July 30, 2013

N.Y. Court of Appeals Allows Hospitality Industry Employer Broad Discretion in Mandatory Tip Pooling

Ruling Could Have Nationwide Implications
Holland & Knight Alert
Loren Lee Forrest Jr.

In decision that is helpful to hospitality industry employers, the New York State Court of Appeals has given restaurants and other food outlets considerable flexibility in establishing mandatory tip pooling for service staff. In Barenboim v. Starbucks Corporation, __ N.E.2d ___, 2013 WL 3197602 (2013), the court sided with the employer, ruling that the inclusion of all shift supervisors in the employer-mandated tip-allocation arrangement or "tip pool" was lawful under New York's wage-payment statute. See N.Y. Labor Law §196-d. In reaching this decision, the court held that employees who provide direct service to patrons as a regular part of their duties may participate in an employer-established tip pool, even if "they exercise a limited degree of supervisory responsibility" over their co-workers. Since the New York statute parallels similar wage-payment laws in other states, the decision is likely to have nationwide implications.

Supervisors Versus Managers

Like most other states, a New York statute forbids employers or their "agents" from "accepting directly or indirectly" any portion of gratuities received by tipped employees. The same statute, however, expressly permits sharing of tips by a waiter with a "busboy or similar employee." The issue in Barenboim was whether the Starbucks shift supervisors were "similar" to the baristas who were required to pool their tips or if they were "agents" of management, who are prohibited from taking any portion of employee gratuities. The court of appeals ruled that only employees who have "meaningful or significant authority" over other employees are ineligible to participate in tip pools under New York's statute. The court defined "meaningful or significant authority" as the ability to discipline subordinates, assist in performance evaluations, participate in the hiring and firing of employees, having input into scheduling or otherwise being able to affect or influence the hours and compensation of co-workers. Although the power to hire and fire is important, the court found that it was not dispositive.

The Starbucks shift supervisors were hourly employees who assigned baristas to particular tasks during the shift, directed the flow of customers and gave feedback to baristas about their job performance and who sometimes performed management functions (like opening or closing the store or making bank deposits) but who otherwise performed the same customer service duties as baristas. The court ruled that the shift supervisors could lawfully participate in the employer-mandate tip pool even though they engaged to some extent in managerial functions because their primary duty was to serve patrons, just like ordinary baristas.

The court also ruled that an employer's policy of excluding some otherwise eligible employees from the tip pool is not subject to challenge under the New York statute. Rejecting the claims of Starbucks' assistant store managers, the court held that these managers were permissibly excluded from the tip pool because Section 196-d merely defines who is "eligible or ineligible" to join a tip pool and does not grant eligible employees affirmative rights to receive tip-pool distributions. It should be noted, however, that the court qualified its answer on this issue, reasoning that employers should not be allowed to exclude all but the highest-ranking eligible employees from tip pools. Indeed, the court emphasized that while excluded employees may not have an affirmative right to participate in the tip pool, there may be an "outer limit" to an employer's practice of improperly excluding employees from the tip pool.

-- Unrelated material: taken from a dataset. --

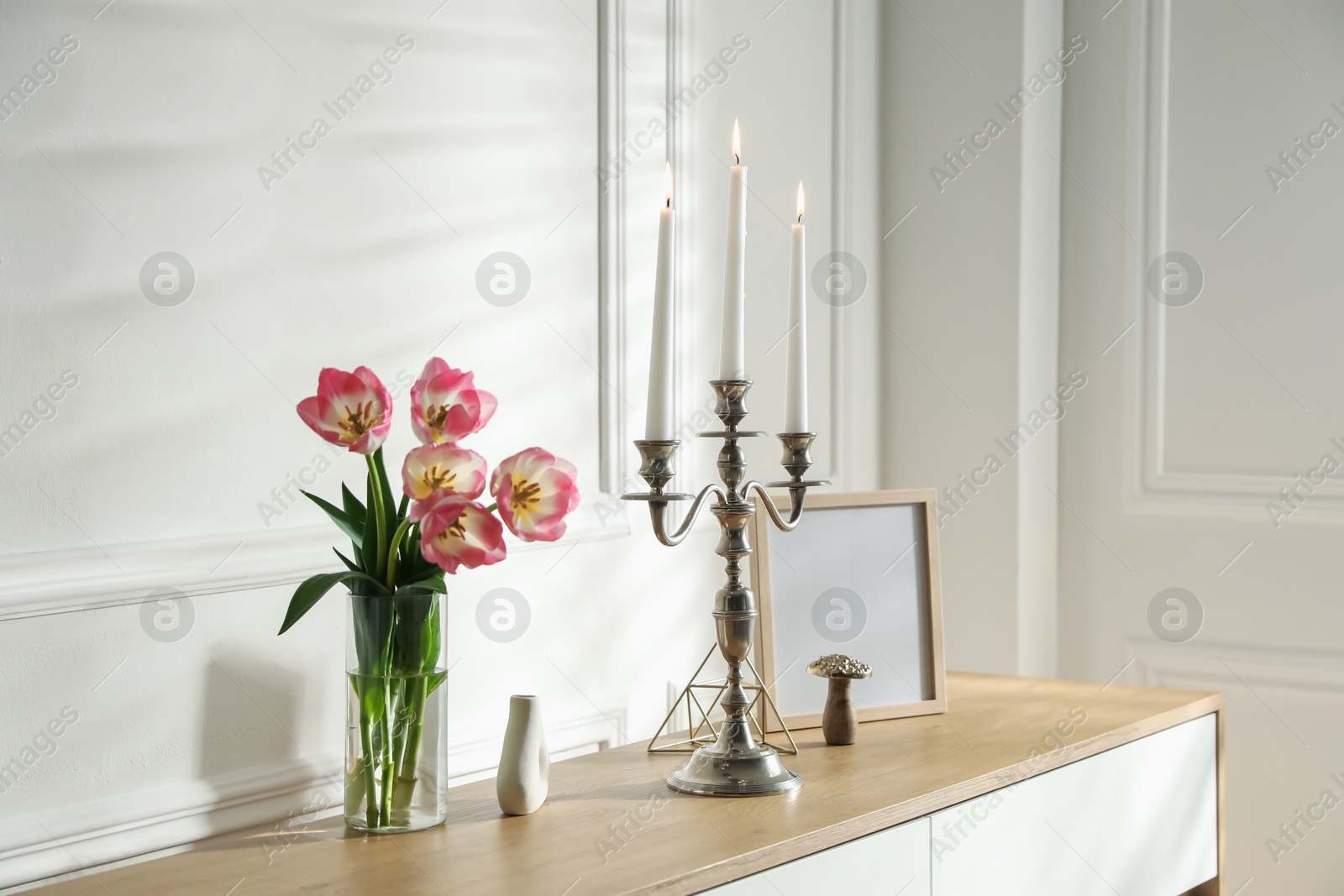 Elegant candlestick with burning candles and decor on chest of drawers near white wall Photo of Elegant candlestick with burning candles and decor on chest of drawers near white wall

Conflicting Cases in Other States

Courts in other states have reached conflicting results on this question, but the New York approach is likely to prevail. An intermediate appellate court in California had previously ruled on the same facts that even if Starbucks shift supervisors were "agents" of the employer in some sense, it was still lawful to include them in a collective tip box under that state's analogue to Section 196-d. See Jou Chau v. Starbucks Corp., 94 Cal. Rptr 3d 593 (Ct. App. 2009). In contrast, the U.S. Court of Appeals for the First Circuit recently ruled against inclusion of Starbucks shift supervisors in tip pools. See Matamoros v. Starbucks Corp., 699 F.3d 129 (1st Cir. 2012). As the Barenboim count noted, however, the Matamoros decision was based on the precise wording of the Massachusetts statute, which permitted tip-sharing only among employees who had "no managerial responsibility," with emphasis on the word "no." Because other wage-payment statues are closer to New York's, the Barenboim decision can be a useful precedent in other states.

Considerations for Employers Based on Barenboim

After the Barenboim decision, restaurants and banquet halls can feel confident in requiring that wait staff share tips with captains, maître d's and sommeliers — which is good news because that is such a prevalent practice. That said, hospitality employers would be wise to review the exact duties and authority of such personnel to determine whether they exercise "meaningful authority or control" over their co-workers, as that could render their participation in tip pools unlawful.